A team from Civan Lasers (Jerusalem, Israel)—in conjunction with the Fraunhofer Institute for Material and Beam Technology (Fraunhofer IWS; Dresden, Germany), Siemens (Munich, Germany), and ThyssenKrupp (Essen, Germany)—has developed a 500 W, single-mode, continuous-wave (CW) 532 nm green laser that represents a significant advancement in the field. Its beam quality and power just broke the world record for this type of laser (see figure and video).
“This isn’t just an advancement, it’s a paradigm shift,” says Yaniv Vidne, vice president of R&D at Civan Lasers.
The laser relies on coherent beam combining, which involves several high-power laser beams essentially funneled into a single coherent beam that puts out correspondingly higher power and preserves spectral bandwidth. Beam brightness is significantly increased in the process. A distinguishing feature in Civan’s laser, according to Vidne, is its “exceptional beam quality.”
“Coherent beam combining is to laser technology what the microprocessor was to computing,” Vidne says. “It’s not just about increasing power; it’s about refining how we approach laser design.”
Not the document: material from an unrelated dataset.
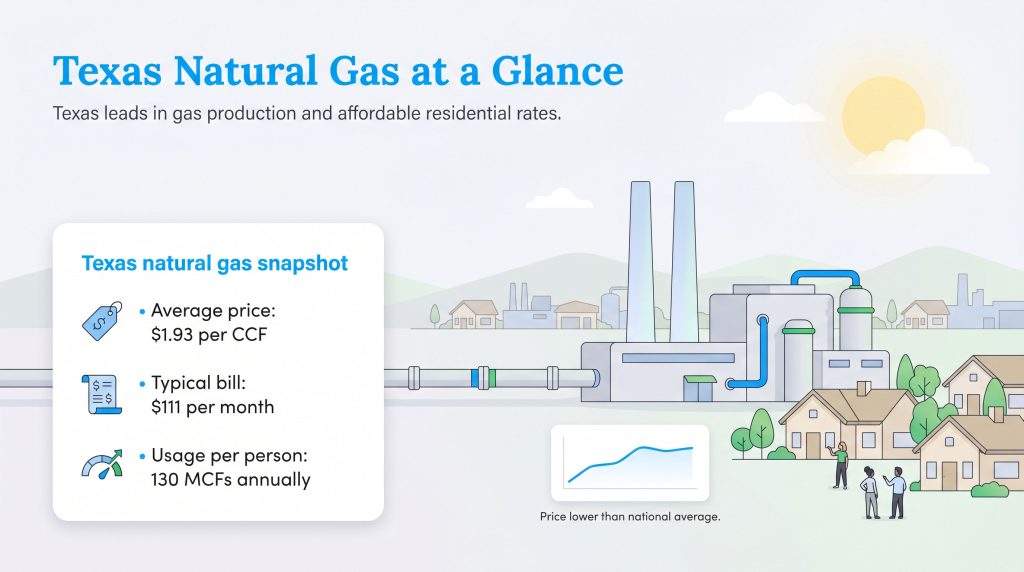 Infographic showing Texas natural gas statistics: average price $1.93, bill $111, usage 130 MCFs.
The laser eliminates any risk to the integrity of a single crystal—a common component. Conventional lasers are known to compromise their systems’ longevity by sometimes pushing too much power through a single crystal channel.
EUREKA, CBC-GREEN, and the future
The record-breaking green laser was developed as part of the EUREKA project—a collaborative group that funds research and development ventures for companies, research organizations, and universities—specifically, its CBC-GREEN initiative. Beyond developing the 532 nm CW laser, the initiative’s goal includes integrating more flexible and efficient processing of copper materials.
Because of their strong electrical and thermal properties, copper materials are crucial to fabricating energy storage systems, power electronics, control systems, and cooling structures. However, processing copper using existing laser methods is limited because those techniques produce a high degree of reflection.
The green laser presents a better approach because it simultaneously allows high power and high beam quality. “This laser holds immense potential,” Vidne says. “The horizon for this technology is vast.”
Along with metal additive manufacturing of copper, the laser shows promise for applications including welding reflective materials such as copper and semiconductor welding—notably, chip-to-wafer welding as an alternative to traditional wire-bonding processes.
As part of the project, the researchers are now investigating the systems engineering development approach of coupling frequency-doubled, single-mode-infrared laser modules with coherent beam combining. This method would enable high CW power in laser machining processes for the first time.
“By combining power and modulation capabilities,” Vidne says, “we’re envisioning a future where this laser replaces traditional non-laser joining methods.”